On the following day the applicant prematurely left his Geelong hotel and travelled to Queensland and then to Europe. Approximately one year later he returned to Australia via Queensland, where he was apprehended by the police on 28 May 2002. He participated in a long record of interview with the police, in the course of which he agreed that he had intercourse with the complainant on the day in question but essentially contended that it was consensual. He claimed that they held hands and kissed before going to his hotel, and that it was after intercourse had occurred that things "changed". The complainant asked him for $2,000. He became upset at this because he believed that she was "sleeping with him for money". The applicant said that he did not remember locking the door, but that if he did, he did it for the sake of privacy. He said that in any event it was merely a "snib" lock which could easily have been un-snibbed. He told the police that it was only after they had slept together and he rejected the complainant’s request for $2,000 that she said she wanted to go home. He said that when she left the room he went with her to see if he could get her a taxi but she "walked away". He agreed that he had checked out of his hotel early but said that this was because he felt "uncomfortable" because she had demanded money and said that, if she did not get it, she would go to the police. He thought that she might carry out her threat and that she might return and demand more money.
I turn first to Mr Yusuf's oral submissions. It was apparent that he had given a good deal of consideration to the matters that he put to the Court. He presented his case respectfully and without taking up unnecessary time.
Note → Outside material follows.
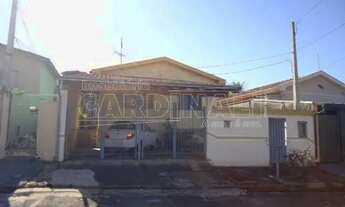 Imagem: Casa Padrão em São Carlos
Essentially, he contended that his conviction breaches what he said was Article 6 of the International Human Rights Convention because he did not obtain a fair hearing, given the circumstances to which he pointed, including the following. First, he said that he should not have been charged with the offence because the prosecuting authorities did not have evidence that established his guilt. He claimed that he was, in effect, "set up" by the authorities in respect of the alleged offence. In that context, Mr Yusuf referred to the photographs that were Exhibit A in the trial and pointed out that they do not show, as he claimed was the fact, that a police station could be seen through the window of his bedroom. He claimed that other photographs depicted the police station through that window but that the "police" did not want those photographs in evidence because they could be used to attack the complainant's version of the events by making it apparent that, if she had been raped as she claimed, she could have made the complaint at the police station.[2] What Mr Yusuf put before us in relation to the photographs does not, in my view, amount to fresh evidence and does not otherwise warrant setting aside the verdicts on that basis. If his claim as to the photographs had any merit, it could have been raised below. In the circumstances, it is not a matter that calls for interference by this Court. The same may be said about the other criticisms that he now advances against the investigators.
[2]The relevant photograph in Exhibit A shows that a petrol station could be made out through the window in question.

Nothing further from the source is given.